Feed and water sweet peas regularly, picking the flowers every 2-3 days and removing seed pods to prolong flowering and treat dahlias to a high-potassium liquid feed.

If you have them, feed hanging baskets and cut back straggly and tired growth to revive the display.

Pick your last lots of rhubarb and remove any flower spikes that start to form down to the base.

Pick runner beans regularly to leave room for developing pods and encourage more to develop.

Pick courgettes before they become marrows.

Sow beetroot, carrots, dwarf French beans, lettuce, radishes and runner beans outdoors.

Sow a last batch of peas and dwarf beans before mid-July for an autumn crop.

Pinch out any side shoots on your tomatoes and remove any leaves below the lowest fruit trusses to allow good air circulation.

Trim new growth of gooseberries in the early part of the month if not carried out last month.

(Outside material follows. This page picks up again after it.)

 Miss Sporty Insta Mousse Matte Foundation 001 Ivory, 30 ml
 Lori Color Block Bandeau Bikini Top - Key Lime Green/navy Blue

Check gooseberry bush leaves for sawfly larvae, removing by hand or by spraying with water.

Feed your lawn with a fast-acting summer feed, especially if you did not feed it in the spring. Spreading by hand works fine but you'll find a spreader gives a more even application. Feeding after mowing not before will prevent the fertiliser being disturbed once on the surface. Feeding the lawn after it has rained (or after watering) works best as fertiliser is absorbed into moist ground more easily. All modern fertilisers are designed to be pet and child friendly.

Baby hedgehogs will be starting to emerge any day now in the search for extra food. Leave out water and meat-based dog or cat food (chicken flavour goes down well, but not fish!) to help them fatten up before going into hibernation in late autumn.